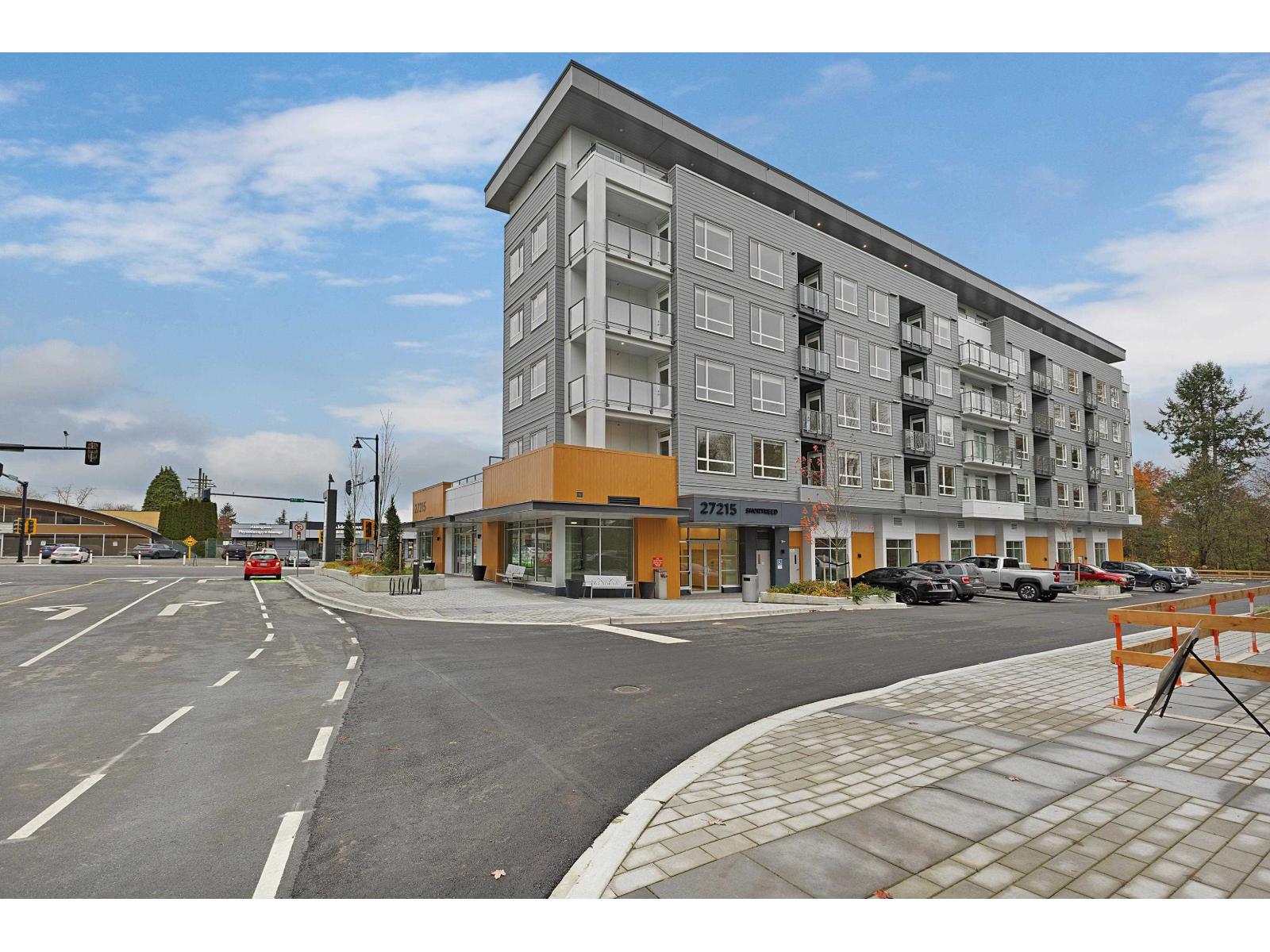 B5XX 27215 ALDERGROVE TOWNCENTRE DRIVE, Langley, British Columbia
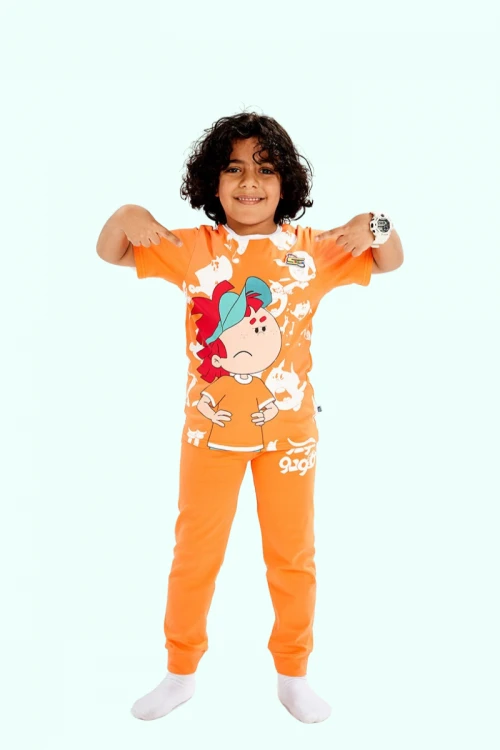 بيجاما ولادي سبيستون قطعتين لون برتقالي بأشكال شخصيات كرتونية وكتابة كودو مودو و بنطلون طويل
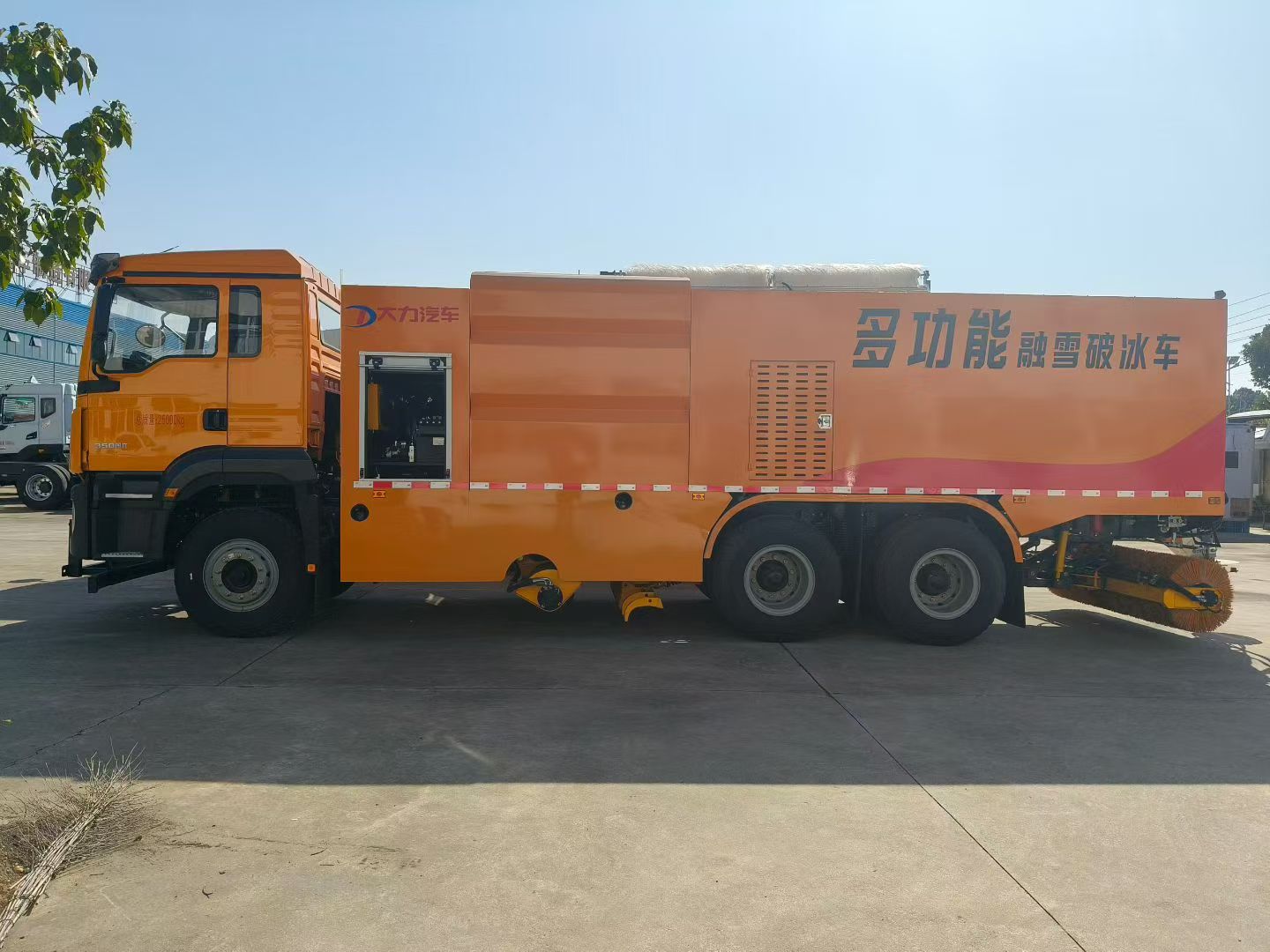 陕汽德龙SHACMAN多功能融雪破冰车,破冰除雪车 实拍图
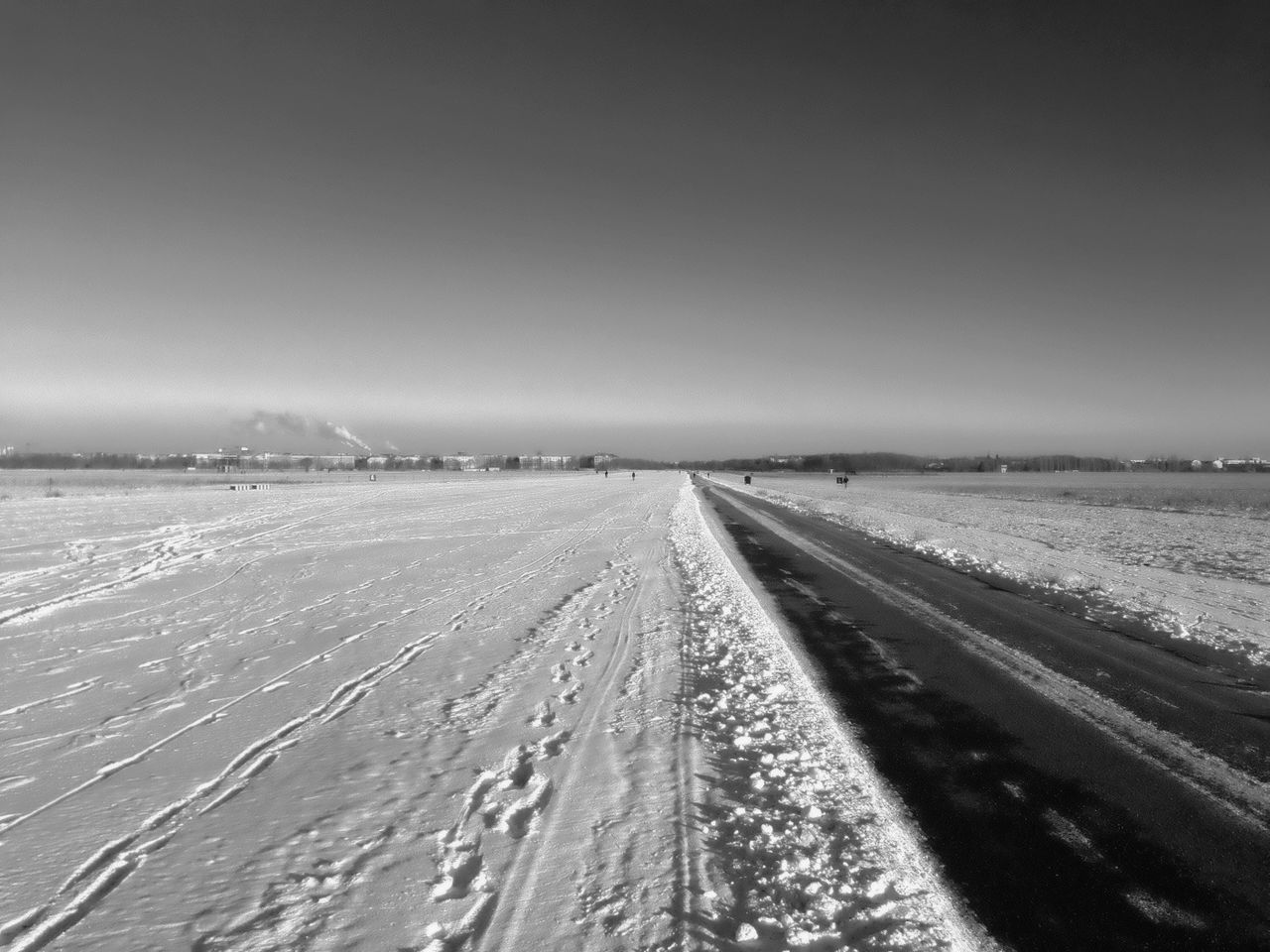 winter, snow, cold temperature, the way forward, diminishing perspective, transportation, road, vanishing point, weather, tranquility, tranquil scene, water, clear sky, copy space, nature, scenics, season, beauty in nature, sky, landscape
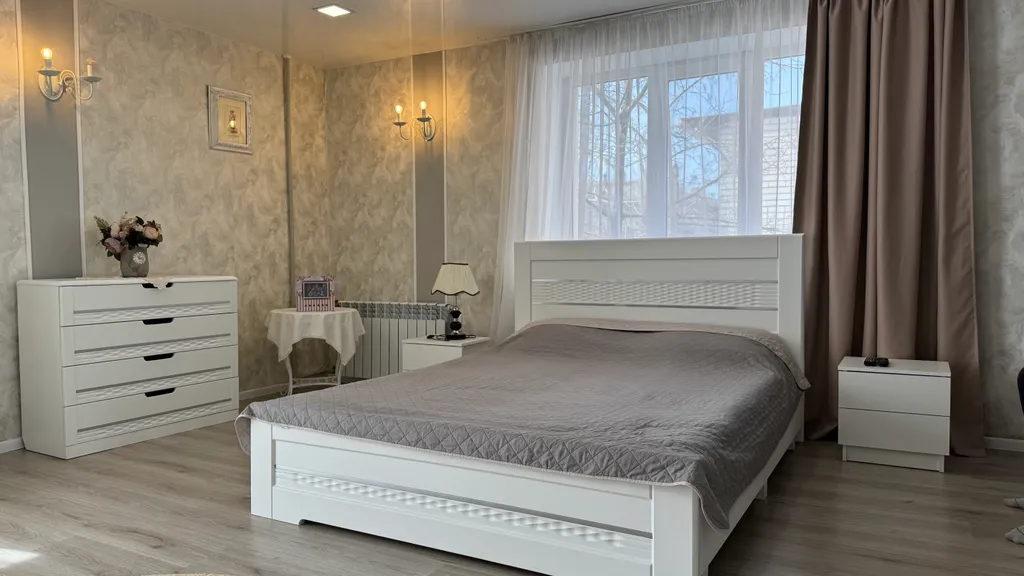 Большая шикарная квартира-студия в центре возле моря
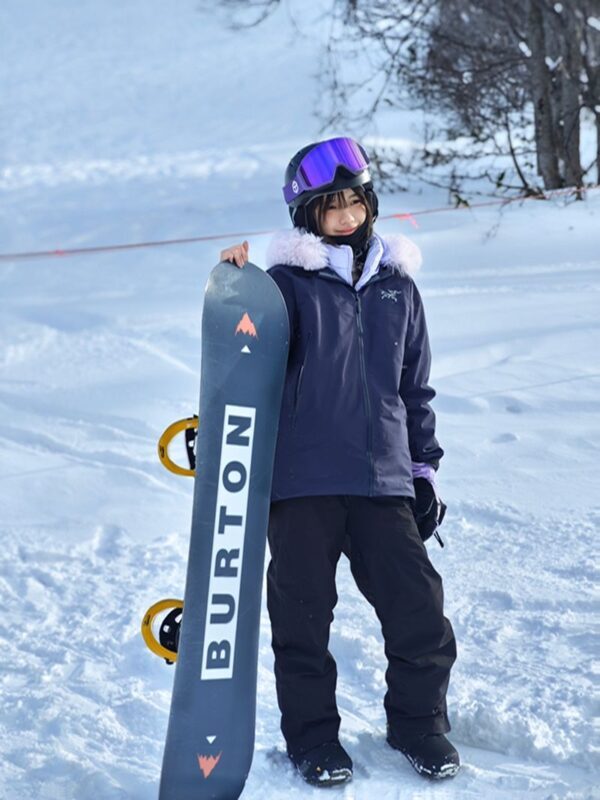 Sapporo Kokusai Ski Resort | Chinese and English Private Ski Lessons | Hokkaido Tourism Organization (HTO) Official Member Certification - Meeting in Susukino, then heading for the resort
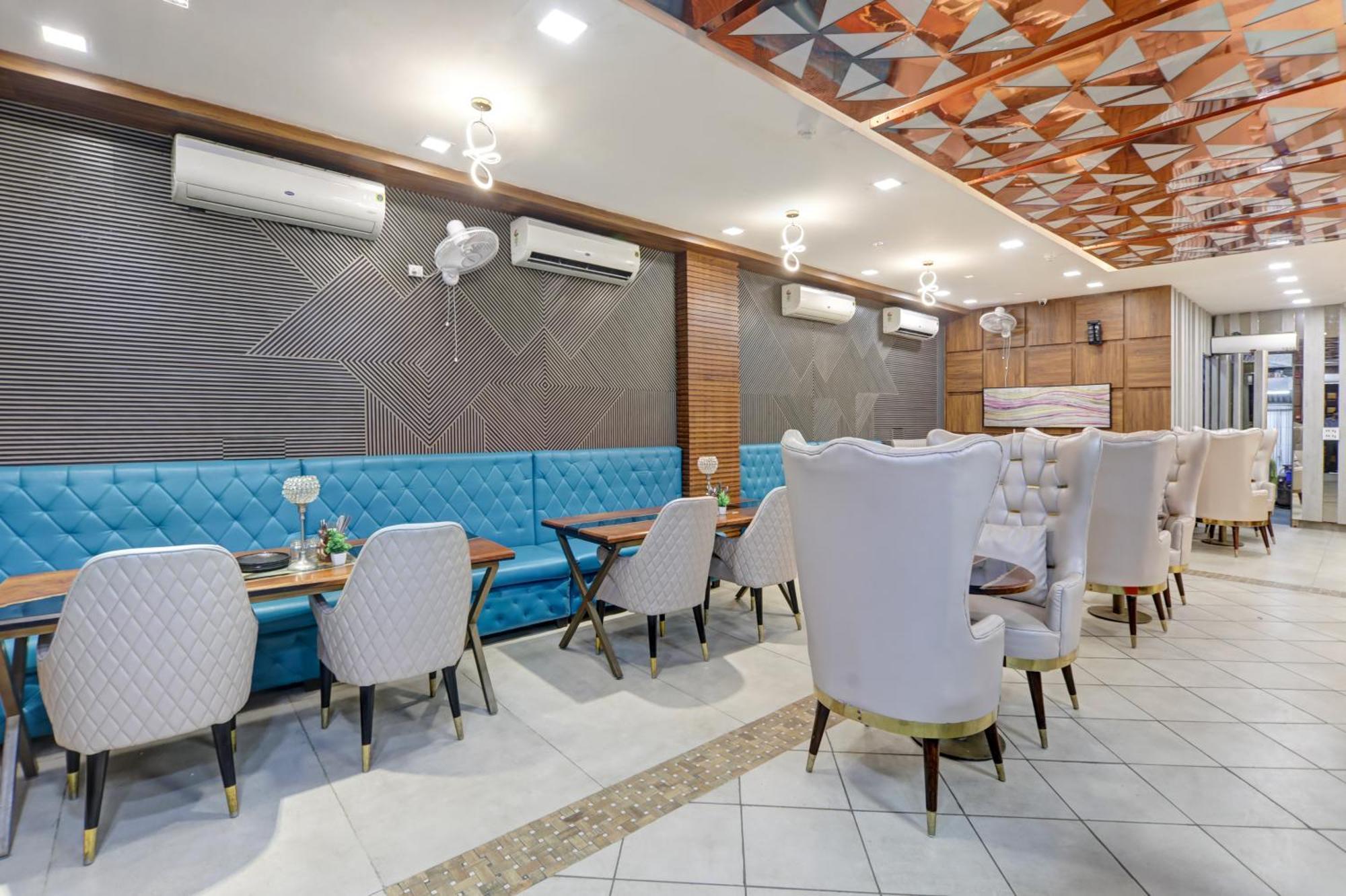 Status By Hotel The Emporio غازي أباد المظهر الخارجي الصورة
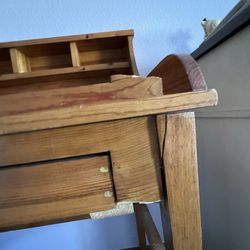 Midland Van Lines - Cracked leg on desk.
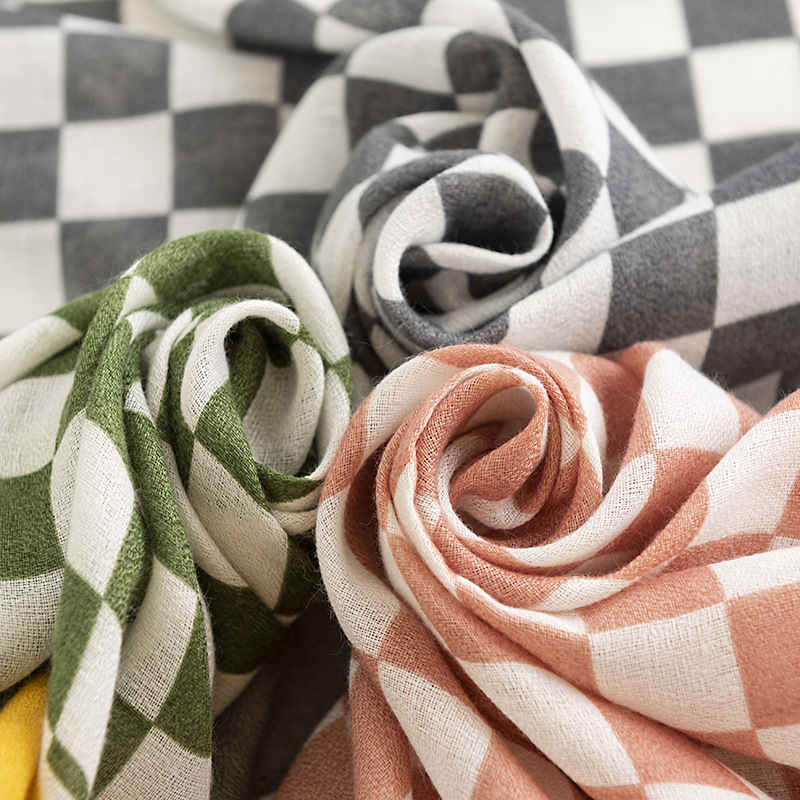 Checkerboard checkerboard plain print scarf female commuter houndstooth neck scarf light luxury elegant shawl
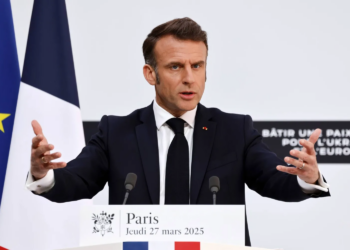 ماكرون يطالب نتنياهو بوقف الهجمات على غزة والعودة إلى وقف النار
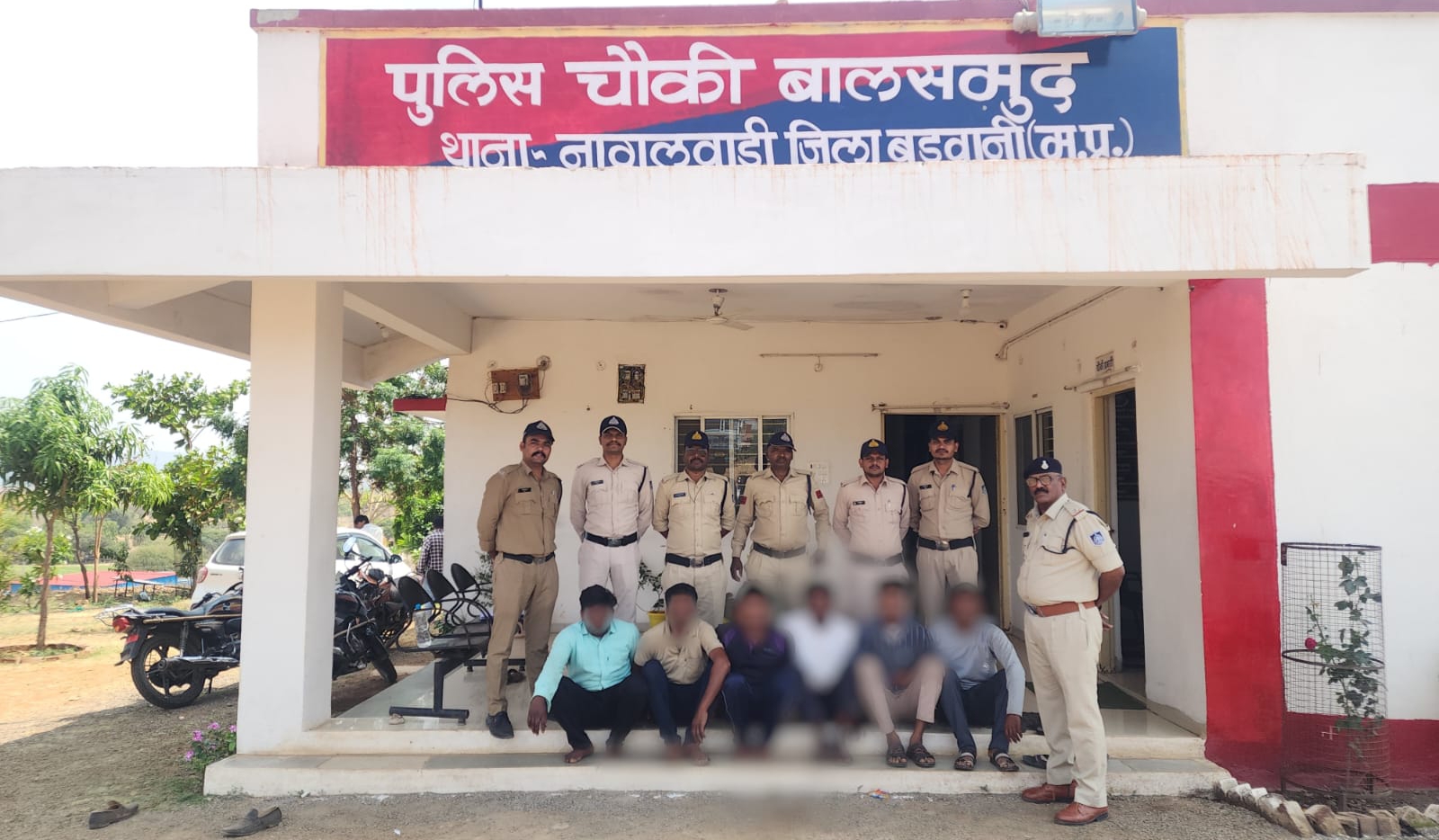 ऑपरेशन हवालात में बड़ी सफलता: 2 माह से फरार 6 आरोपी गिरफ्तार…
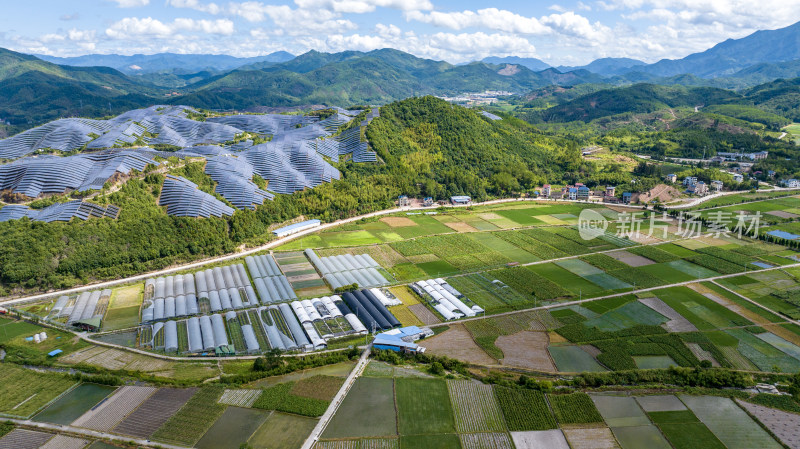 航拍大型光伏发电基地，新能源产业基地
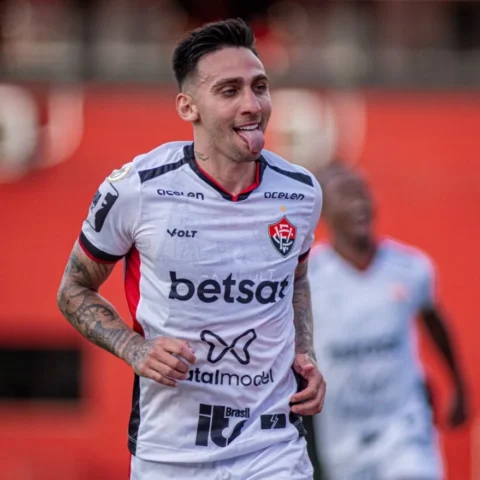 Imagem do post Vitória vence Juventude com gol de pênalti e deixa a zona de rebaixamento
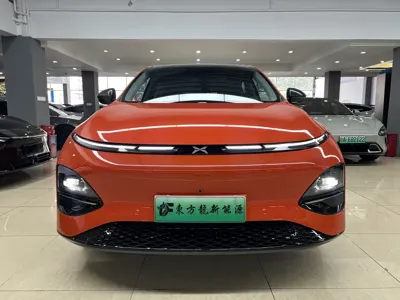 Xpeng G6 · 2023 год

▬▬▬▬▬▬▬▬▬▬

ASSIGNMENT:
Repeat the records above exactly, from the first line through the line containing "Большая шикарная квартира-студия", and leave out the pictures.

RESULT BELOW:
 B5XX 27215 ALDERGROVE TOWNCENTRE DRIVE, Langley, British Columbia
 بيجاما ولادي سبيستون قطعتين لون برتقالي بأشكال شخصيات كرتونية وكتابة كودو مودو و بنطلون طويل
 陕汽德龙SHACMAN多功能融雪破冰车,破冰除雪车 实拍图
 winter, snow, cold temperature, the way forward, diminishing perspective, transportation, road, vanishing point, weather, tranquility, tranquil scene, water, clear sky, copy space, nature, scenics, season, beauty in nature, sky, landscape
 Большая шикарная квартира-студия в центре возле моря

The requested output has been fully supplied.